- **Brief**
Give back each line of the data exactly as it reads, minus the pictures.

[Material provided — start]

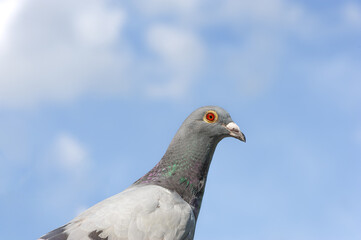 Portrait of a racing or homing pigeon looking into the camera.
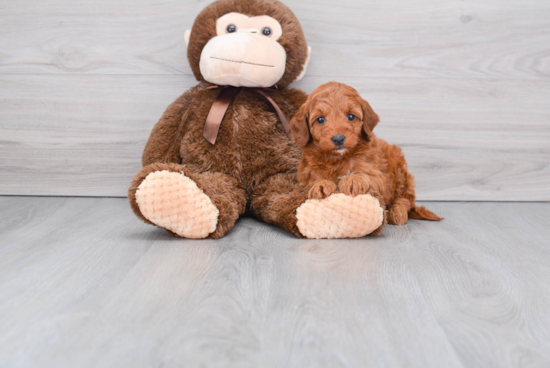 Best Mini Goldendoodle Baby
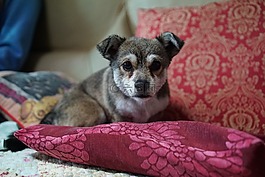 小狗,狗,動物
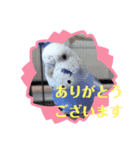 インコちゃんスタンプ(お仕事用)（個別スタンプ：5）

[Material provided — finish]

- **Solution to the problem**
 Portrait of a racing or homing pigeon looking into the camera.
 Best Mini Goldendoodle Baby
 小狗,狗,動物
 インコちゃんスタンプ(お仕事用)（個別スタンプ：5）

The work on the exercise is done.